A configuration of the sheet feeding mechanism 71 illustrated in FIG. 1 will be described. FIG. 3A is a schematic diagram illustrating the configuration of the sheet feeding mechanism 71. FIG. 3B is a diagram illustrating a sheet feeding roller position detection mechanism. In FIG. 3A, the sheet feeding roller 401 includes a sheet feeding roller shaft 401a which is driven to rotate by the sheet feeding motor 210. The sheet feeding roller shaft 401a is rotatably supported by sheet feeding roller bearings 402. The sheet feeding roller bearings 402 are guided and supported by a sheet feeding roller regulation guide 404 in a vertically movable (elevatable) manner. As a result, the sheet feeding roller 401 is also configured to be vertically linearly movable. The sheet feeding roller bearings 402 are pressed in the direction of the arrow illustrated in FIG. 3A (downward direction) by sheet feeding roller pressing springs 403 which are arranged in the sheet feeding roller regulation guide 404. As a result, the sheet feeding roller 401 is also biased in the downward direction in FIG. 3A, i.e., toward a separation roller 405. A protrusion 402a is formed on one of the sheet feeding roller bearings 402. As the sheet feeding roller 401 moves, the protrusion 402a slides vertically together with the sheet feeding roller 401. According to the position of the sheet feeding roller 401, the protrusion 402a changes an ON/OFF state of the sheet feeding roller sensor 530 (illustrated in FIG. 3B). The sheet feeding roller sensor 530 will be described in detail below. As illustrated in FIG. 3B, the sheet feeding roller bearings 402 are arranged on both sides of the sheet feeding roller 401. The sheet feeding roller bearings 402 are biased in the downward direction in FIG. 3B by the sheet feeding roller pressing springs 403.
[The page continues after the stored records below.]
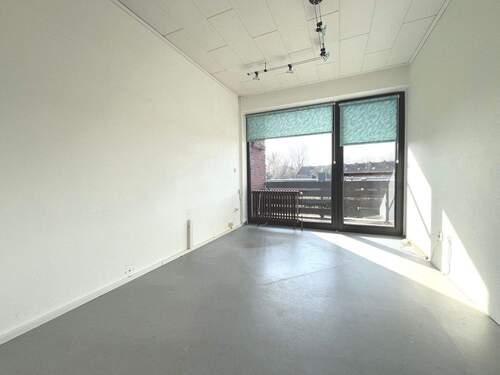 Bodentiefe Fenster machen die Räume hell und weit - 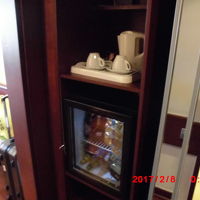 ミニバーとティアメニティやポット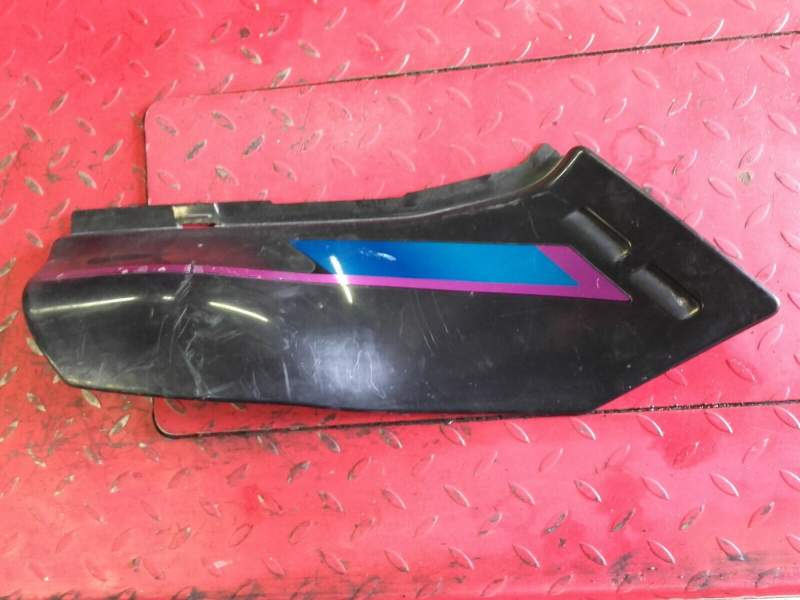 carenage cache lateral droit flanc de selle Yamaha 660 XTZ Tenere 3yf — photo 1/2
In FIG. 3A, the separation roller 405 arranged below the sheet feeding roller 401 includes a separation roller shaft (not illustrated). The separation roller shaft (not illustrated) is fixed to a separation guide 406. A torque limiter (not illustrated) is arranged between the separation roller 405 and the separation roller shaft (not illustrated). The separation guide 406 is regulated and supported by a separation roller regulation guide 408 to be linearly slidable in a vertical direction. As a result, the separation roller 405 fixed to the separation guide 406 is also configured to be linearly slidable in the vertical direction. The separation guide 406 is biased upward by a separation roller pressing spring 407. As a result, the separation roller 405 is brought into press contact with the sheet feeding roller 401 to form a separation nip portion 420 between the separation roller 405 and the sheet feeding roller 401. The elastic force of the sheet feeding roller pressing springs 403 is set to be greater than that of the separation roller pressing spring 407.

The separation roller 405 is driven to rotate as the sheet feeding roller 401 rotates. If only a single sheet S is fed into the separation nip portion 420, the separation roller 405 is driven to rotate by the movement of the sheet S. If two or more sheets are fed into the separation nip portion 420, the separation roller 405 stops being driven to rotate by the action of the torque limiter. As a result, only the sheet S making sliding contact with the sheet feeding roller 401 is fed out, while the other sheet(s) is/are stopped at the separation nip portion 420 by the separation roller 405. While the present exemplary embodiment uses the separation roller 405 that includes the torque limiter, a separation unit using a friction pad may be used instead of such a configuration.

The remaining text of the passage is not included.